The Court finds the reasoning in Azizian applicable here and concludes that the bond amount should not cover a potential award of sanctions on appeal. See Glasser v. Volkswagen of Am., Inc., 2010 WL 11545660, *4 (C.D. Cal. May 20, 2010) (applying the reasoning in Azizian to conclude that it would be improper for a district court to set a Rule 7 bond covering potential sanctions for frivolous appeals under 28 U.S.C. § 1927). “The court in Azizian made clear that ‘the question of whether, or how, to deter frivolous appeals is best left to the courts of appeals,' which have a myriad options to govern their own dockets.” Id. (quoting Azizian, 499 F.3d at 961). Setting a bond amount to include sanctions on appeal here, as with the Rule 38 sanctions at issue in Azizian, would impose on the Ninth Circuit's prerogative to determine whether conduct is sanctionable and how to address such conduct. Further, it would require the Court to prospectively gauge whether future conduct is sanctionable and to speculate as to what sanctions would be warranted.

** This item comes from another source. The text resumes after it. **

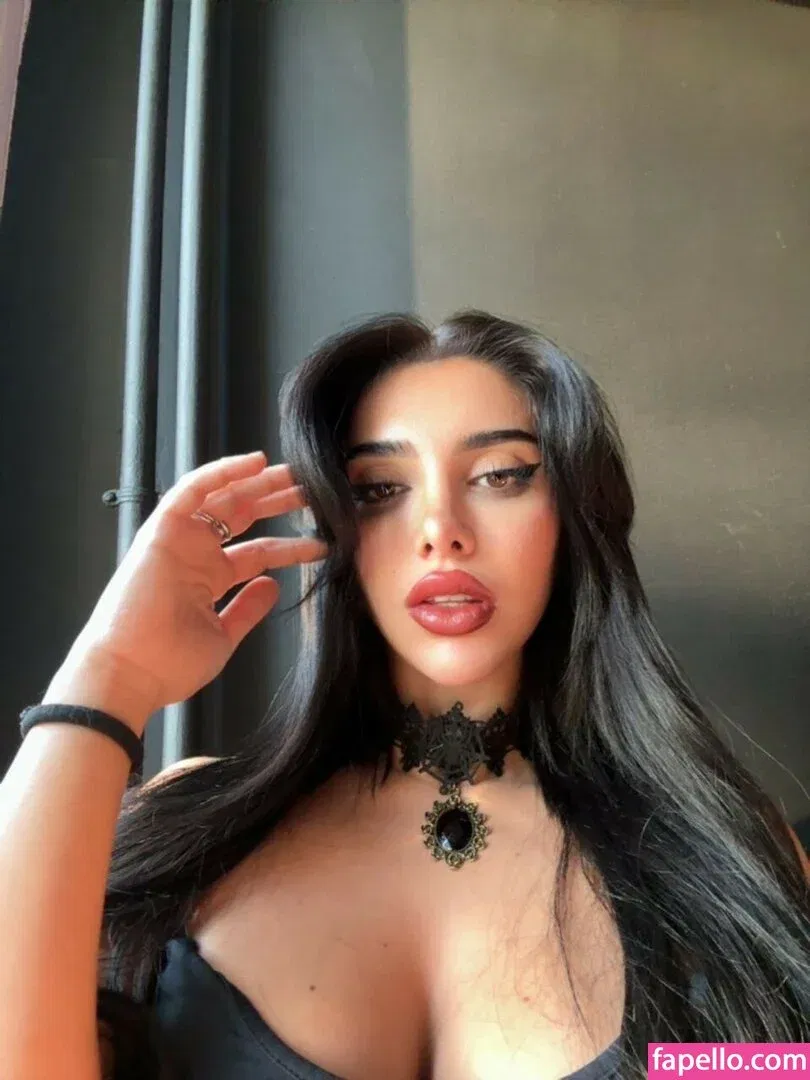 Julia Bayonetta Onlyfans Photo Gallery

The Court will not engage in such speculation here and, accordingly, declines to include sanctions as part of the Rule 7 bond.
In light of these considerations, the Court concludes that the appropriate bond amount is $5,099,214, which is the final judgment awarded against Morgan Creek and Robinson plus prejudgment interest calculated per the terms above. Pursuant to Federal Rule of Civil Procedure 62(b), upon posting of the bond, a stay of enforcement is appropriate. 5
IV. CONCLUSION
In accordance with the foregoing, the Court GRANTS respondents' motion for a stay of enforcement against Morgan Creek and Robinson pending post-judgment motion for reconsideration and appeal and APPROVES a bond in the amount of $5,099,214. Robinson and Morgan Creek shall post a bond in this amount in accordance with Local Rule 65, no later than thirty (30) days of the date of this order.